Adottando provvedimenti esclusivi contro gli Stati Uniti, la Germania corre rischio di alienarsi l’animo dei milioni di tedeschi domiciliati sul suolo della Confederazione americana, i quali sono appunto i maggiori produttori del grano, delle carni, dei salumi importati in Germania. Del pari adottando provvedimenti esclusivi contro l’Italia è ragionevole che la Germania tema di alienarsi politicamente gli animi della sua alleata. La Triplice alleanza è sempre stata combattuta da una parte degli italiani; e non è certo un buon sistema per rinsaldare quei vincoli il danneggiare in ogni modo le nostre esportazioni apportandoci gravi danni economici.
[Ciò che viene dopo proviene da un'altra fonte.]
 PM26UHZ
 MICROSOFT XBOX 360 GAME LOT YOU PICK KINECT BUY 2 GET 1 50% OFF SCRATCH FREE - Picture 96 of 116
Difficilmente potrebbe mantenersi un’alleanza politica fra due nazioni l’una contro l’altra armate con alti dazi e con vessazioni doganali di ogni genere. I negoziatori italiani, se saranno autorizzati a fare appello a queste ragioni politiche, avranno facile vittoria sulle intemperanze protezioniste degli agrari tedeschi.

 

 

Si aggiunga che gli agrari nella Germania medesima rappresentano un partito del passato. La potenza del numero e della ricchezza spetta non agli agrari ma agli industriali, ai commercianti ed agli operai. Ora i commercianti e gli operai di loro natura sono portati a volere la libertà degli scambi. I primi perché essa favorisce lo sviluppo dei traffici ed accresce perciò i loro guadagni. I secondi perché accresce la capacità di acquisto dei loro salari. Dove i dazi doganali sono miti, gli operai possono comprare a basso prezzo il pane, la carne, le frutta, i vegetali, il vino, i vestiti.

 

 

Gli industriali tedeschi sono stati protezionisti fino ad ora; ma il loro atteggiamento sembra già mutarsi. Essi hanno costituito su forti basi le industrie ed anelano alla conquista dei mercati esteri. Essi vedono che una politica ferocemente protezionista contro le provenienze agrarie estere sarebbe loro dannosa, in primo luogo perché scemerebbe la capacità di consumo delle masse operaie tedesche, ed in secondo luogo perché, impoverendo i paesi esteri ed eccitandoli a rappresaglie, porrebbe gravi ostacoli contro la espansione commerciale delle industrie germaniche, la quale è già grande ed aspira a diventare gigantesca e superiore a quella dell’Inghilterra.

 

 

Noi siamo sicuri pertanto di avere alleati in questa lotta contro gli agrari germanici i loro stessi connazionali dediti alle industrie, ai commerci ed alle opere manuali.

 

 

Se i nostri negoziatori sapranno valersi di questa condizione di cose, la quale è molto nettamente vista dai consiglieri dell’imperatore, è da sperarsi che le minacce temute contro la nostra esportazione agraria non si verificheranno.